▶ _WHAT TO DO_:
The listing below must be repeated word for word, without its pictures.

▶ _DATA_:
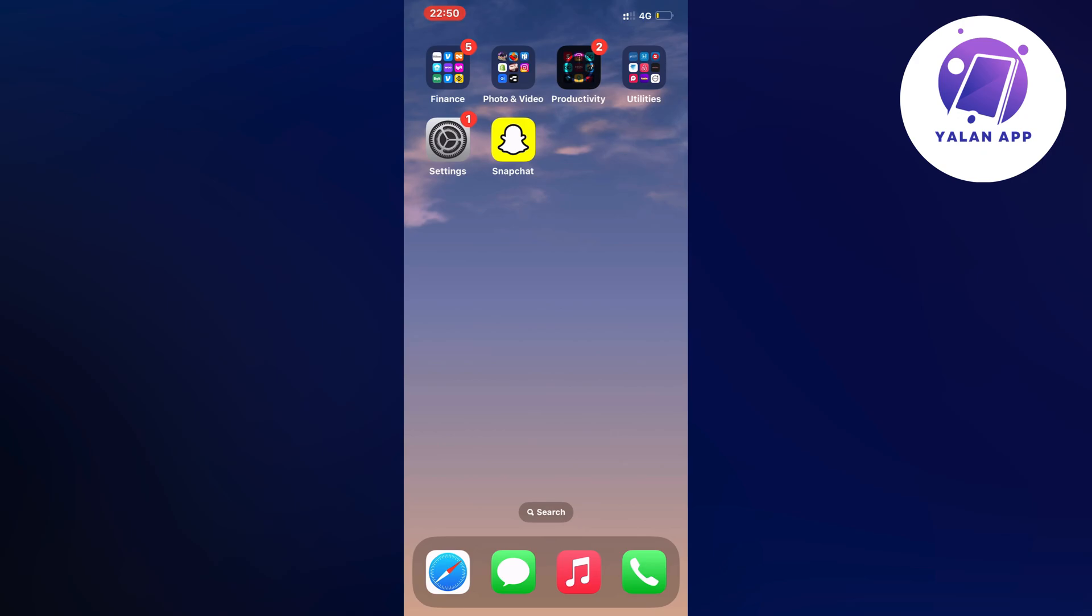So if you're also having problems that your Snapchat Spotlight is not working right now and you want to be able to try to fix this, well then this video is going to be perfect for you. This is by the way how I fixed it myself.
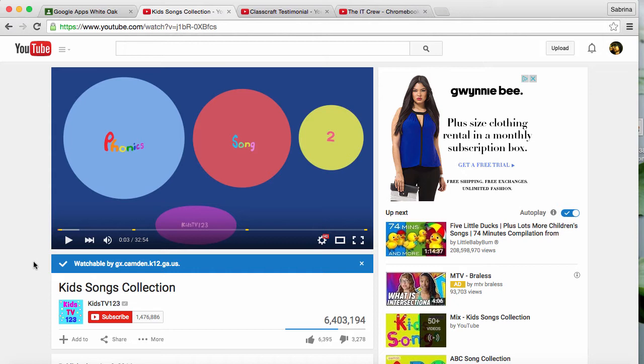You'll notice that some videos may already show that they're watchable by your domain. Those are usually part of a whitelisted set of videos that have been approved in advance.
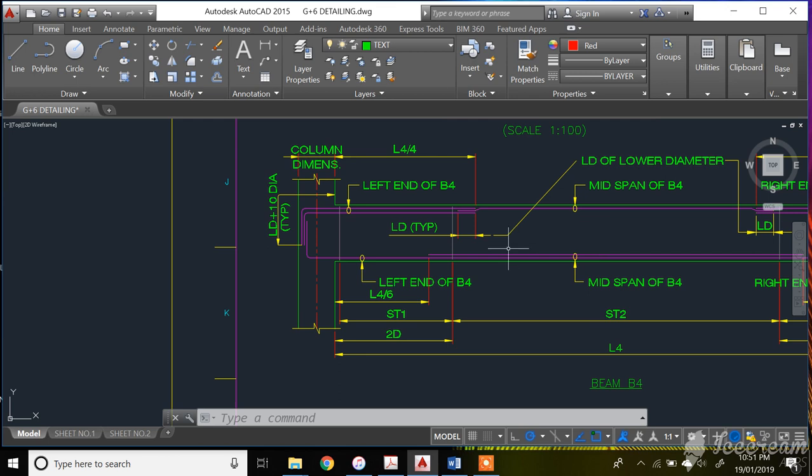Hello guys, welcome to ISAcademakers. This is my 11th video lecture on GEBRA 6 RCC building. In the previous lecture I completed the detailing of RCC column as per IS 13920. In this lecture I will be explaining the detailing of RCC beam.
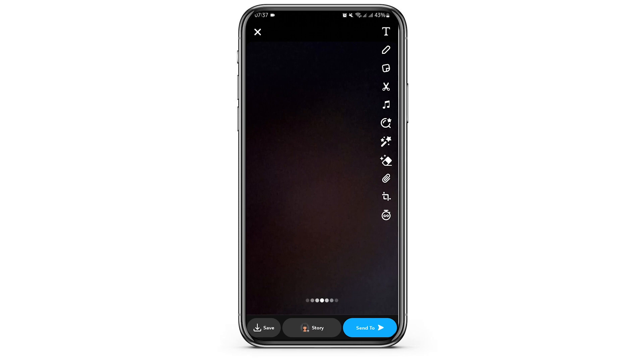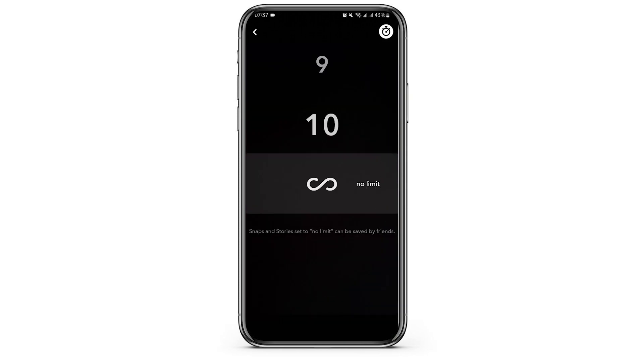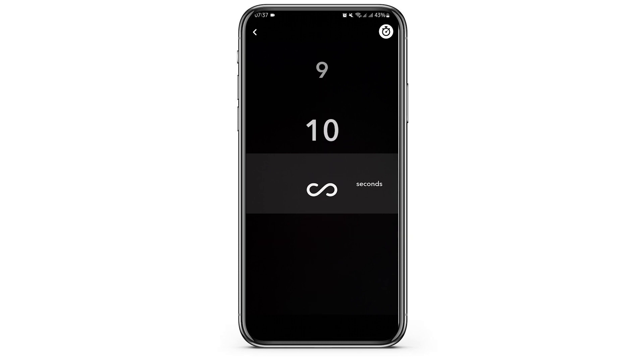Then as you do so, you will see this timer icon on your right side. Tap onto it. If you would like to remove the timer, just set it to no limit.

▶ _WRITTEN RESPONSE_:
So if you're also having problems that your Snapchat Spotlight is not working right now and you want to be able to try to fix this, well then this video is going to be perfect for you. This is by the way how I fixed it myself.
You'll notice that some videos may already show that they're watchable by your domain. Those are usually part of a whitelisted set of videos that have been approved in advance.
Hello guys, welcome to ISAcademakers. This is my 11th video lecture on GEBRA 6 RCC building. In the previous lecture I completed the detailing of RCC column as per IS 13920. In this lecture I will be explaining the detailing of RCC beam.
Then as you do so, you will see this timer icon on your right side. Tap onto it. If you would like to remove the timer, just set it to no limit.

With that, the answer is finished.